Driver said early signs under the Labour Party are positive, pointing to the launch of state-backed energy company Great British Energy and the move to end the de facto ban on onshore wind development in England. Energy Secretary Ed Miliband also approved three new large solar farms in the new government's first week.
"They could quite easily derail that if they went for a full revolution of the energy system ... because they'd put out so much uncertainty into the market for investors," Driver said in an interview.
The previous Conservative government launched the Review of Electricity Market Arrangements (REMA) in 2022, aimed at lessening the influence of gas prices on power price formation.
At the heart of the review is a proposal to introduce zonal power pricing, under which Britain would be split up into several different price zones to help incentivize more generation closer to demand hubs. Under zonal pricing, areas with high renewables generation and low demand would see lower prices.
An earlier proposal to introduce the more extreme nodal pricing, a model used in the US, was shelved during the consultation stage.
The UK has just six years to achieve Labour's goal to fully decarbonize the power system by 2030. But already two years into REMA, the review is still in the consultation phase.
Locational pricing would take at least seven years to implement in the UK, according to industry estimates, based on similar experiences in Australia, Canada and Texas.
Industry associations RenewableUK and Solar Energy UK agree that a zonal system could create uncertainty in the market, potentially raising the cost of capital for renewables and making it harder for installation targets to be reached.
The groups said in March that projects face "stronger locational constraints" such as planning hurdles that limit the influence of zonal pricing on location choices.
Driver, who oversees the delivery of London-listed Foresight Solar's investment mandate, said the group is generally "ambivalent" on locational pricing.
In fact, the company's more than 700-MW solar portfolio in the UK would likely benefit from zonal pricing, given most of the fleet is in densely populated areas in the south where prices would be higher.
But the prospect of a comprehensive market reform that takes years to implement poses too big of a risk to the UK's decarbonization targets, Driver said, adding that investors will head to other parts of Europe that have similarly ambitious goals.
"The UK doesn't want to be in a position where actually you've got uncertainty around how the market is going to operate as being the biggest blocker to investment, because that would be a real crying shame," Driver said. "If you go and rip up the paper and just start again, we'll be at 2030 and we won't have built anything."
Renewables Obligation 'functioning well'
Another loose end that needs tidying is the government's consultation on fixed-price certificates in the Renewables Obligation (RO), the UK subsidy regime that closed to new capacity in 2017.
The proposal to fix Renewables Obligation Certificates (ROC) prices from 2027 assumes the market will thin out in the latter part of the scheme, pulling ROC values down.

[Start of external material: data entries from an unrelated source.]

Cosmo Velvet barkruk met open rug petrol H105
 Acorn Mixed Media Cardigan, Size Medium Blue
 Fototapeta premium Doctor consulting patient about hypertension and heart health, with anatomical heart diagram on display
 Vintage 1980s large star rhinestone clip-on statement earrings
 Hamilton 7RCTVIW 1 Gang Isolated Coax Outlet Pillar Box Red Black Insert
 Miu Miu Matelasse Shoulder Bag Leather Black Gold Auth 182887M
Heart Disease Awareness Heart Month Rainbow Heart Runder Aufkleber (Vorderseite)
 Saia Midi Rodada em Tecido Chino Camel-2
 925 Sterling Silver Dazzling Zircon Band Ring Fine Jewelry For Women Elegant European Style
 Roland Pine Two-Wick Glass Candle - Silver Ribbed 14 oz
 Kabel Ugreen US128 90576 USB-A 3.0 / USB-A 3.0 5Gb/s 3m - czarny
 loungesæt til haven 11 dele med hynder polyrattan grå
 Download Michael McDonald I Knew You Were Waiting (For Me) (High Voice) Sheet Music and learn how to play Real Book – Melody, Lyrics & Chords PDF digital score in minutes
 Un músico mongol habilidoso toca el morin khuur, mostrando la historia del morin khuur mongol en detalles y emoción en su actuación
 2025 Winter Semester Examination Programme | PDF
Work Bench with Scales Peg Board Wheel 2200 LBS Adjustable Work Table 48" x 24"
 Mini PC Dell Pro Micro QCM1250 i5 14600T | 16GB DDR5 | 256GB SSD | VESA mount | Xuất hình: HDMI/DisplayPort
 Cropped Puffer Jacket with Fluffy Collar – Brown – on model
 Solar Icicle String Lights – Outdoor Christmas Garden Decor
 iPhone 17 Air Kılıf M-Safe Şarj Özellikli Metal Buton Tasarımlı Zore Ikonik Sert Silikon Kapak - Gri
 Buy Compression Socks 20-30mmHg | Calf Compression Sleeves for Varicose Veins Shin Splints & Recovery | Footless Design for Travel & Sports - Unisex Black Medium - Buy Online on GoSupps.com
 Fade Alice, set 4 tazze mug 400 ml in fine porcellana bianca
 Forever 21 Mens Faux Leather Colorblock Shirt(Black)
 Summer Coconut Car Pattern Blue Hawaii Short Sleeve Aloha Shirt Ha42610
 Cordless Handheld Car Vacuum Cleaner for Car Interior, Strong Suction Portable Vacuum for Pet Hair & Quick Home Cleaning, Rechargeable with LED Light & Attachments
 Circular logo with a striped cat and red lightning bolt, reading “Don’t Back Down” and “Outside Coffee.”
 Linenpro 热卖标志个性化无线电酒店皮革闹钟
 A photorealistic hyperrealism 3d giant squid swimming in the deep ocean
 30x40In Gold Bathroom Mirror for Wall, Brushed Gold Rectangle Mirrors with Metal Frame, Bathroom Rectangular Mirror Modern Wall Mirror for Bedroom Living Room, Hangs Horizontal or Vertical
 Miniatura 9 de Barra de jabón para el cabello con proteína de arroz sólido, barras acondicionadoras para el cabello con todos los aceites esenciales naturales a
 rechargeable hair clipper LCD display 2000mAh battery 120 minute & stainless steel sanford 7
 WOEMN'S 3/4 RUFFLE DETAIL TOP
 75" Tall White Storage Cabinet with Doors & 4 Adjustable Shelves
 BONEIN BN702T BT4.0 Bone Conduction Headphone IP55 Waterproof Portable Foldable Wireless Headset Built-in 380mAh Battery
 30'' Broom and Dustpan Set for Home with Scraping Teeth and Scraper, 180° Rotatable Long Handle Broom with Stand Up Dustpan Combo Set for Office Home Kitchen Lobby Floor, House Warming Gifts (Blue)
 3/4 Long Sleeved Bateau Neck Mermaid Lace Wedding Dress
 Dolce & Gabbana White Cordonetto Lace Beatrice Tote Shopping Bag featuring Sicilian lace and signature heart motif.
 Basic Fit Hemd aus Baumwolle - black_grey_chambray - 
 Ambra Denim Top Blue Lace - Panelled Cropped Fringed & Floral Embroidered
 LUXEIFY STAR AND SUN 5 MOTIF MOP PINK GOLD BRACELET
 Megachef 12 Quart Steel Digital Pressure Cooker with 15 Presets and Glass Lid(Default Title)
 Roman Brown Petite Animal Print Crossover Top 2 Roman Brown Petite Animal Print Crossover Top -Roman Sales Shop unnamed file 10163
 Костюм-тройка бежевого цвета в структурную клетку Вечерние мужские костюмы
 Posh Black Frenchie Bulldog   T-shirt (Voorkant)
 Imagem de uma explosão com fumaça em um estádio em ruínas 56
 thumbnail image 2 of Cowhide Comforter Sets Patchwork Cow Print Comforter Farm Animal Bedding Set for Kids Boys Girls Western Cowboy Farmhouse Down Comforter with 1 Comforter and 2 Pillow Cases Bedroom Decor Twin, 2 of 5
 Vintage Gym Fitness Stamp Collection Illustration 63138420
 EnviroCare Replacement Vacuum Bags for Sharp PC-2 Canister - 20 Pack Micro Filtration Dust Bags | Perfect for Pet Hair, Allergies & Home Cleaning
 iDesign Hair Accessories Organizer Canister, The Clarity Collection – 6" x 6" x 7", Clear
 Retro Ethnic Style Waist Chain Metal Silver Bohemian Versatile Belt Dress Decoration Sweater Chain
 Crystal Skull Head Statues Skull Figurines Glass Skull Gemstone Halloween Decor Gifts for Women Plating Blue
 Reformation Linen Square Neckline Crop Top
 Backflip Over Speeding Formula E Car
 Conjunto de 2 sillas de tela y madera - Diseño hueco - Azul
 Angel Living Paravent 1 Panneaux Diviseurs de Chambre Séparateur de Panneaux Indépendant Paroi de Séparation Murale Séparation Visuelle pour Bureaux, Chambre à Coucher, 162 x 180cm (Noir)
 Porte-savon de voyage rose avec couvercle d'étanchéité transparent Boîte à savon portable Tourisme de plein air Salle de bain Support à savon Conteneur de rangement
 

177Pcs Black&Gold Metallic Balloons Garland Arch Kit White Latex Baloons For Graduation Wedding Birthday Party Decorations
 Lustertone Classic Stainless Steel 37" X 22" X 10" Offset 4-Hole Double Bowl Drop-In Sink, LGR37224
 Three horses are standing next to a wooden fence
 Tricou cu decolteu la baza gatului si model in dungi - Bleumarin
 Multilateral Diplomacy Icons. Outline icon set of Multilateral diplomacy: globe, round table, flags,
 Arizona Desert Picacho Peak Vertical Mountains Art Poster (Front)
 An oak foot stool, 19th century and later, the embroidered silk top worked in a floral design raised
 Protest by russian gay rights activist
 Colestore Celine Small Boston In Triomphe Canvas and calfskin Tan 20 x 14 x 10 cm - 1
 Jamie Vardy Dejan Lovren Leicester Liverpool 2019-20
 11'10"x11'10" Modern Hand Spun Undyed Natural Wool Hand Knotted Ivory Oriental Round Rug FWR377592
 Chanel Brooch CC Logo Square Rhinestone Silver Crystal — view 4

ROCs are currently valued at around £60/MWh.
"The fact is, so many projects went through the RO in the end that we don't see any issue here," Driver said. "If the market is functioning well, which it is, there is potentially greater damage in going back and tinkering with it now."
On wholesale power pricing itself, Driver said Foresight Solar's projects had been built on a long run average power price of £40/MWh to £50/MWh in real terms. "That still stands; those prices are predicated on a large amount of renewable build-out, and they work for us," he said.
An expanded budget under the renewables contracts for difference auctions, which was confirmed by the government on July 31, would further support this sweet spot for investors and consumers.
"Most of us would trade away the last few years of high prices for a more certain revenue stream," Driver said.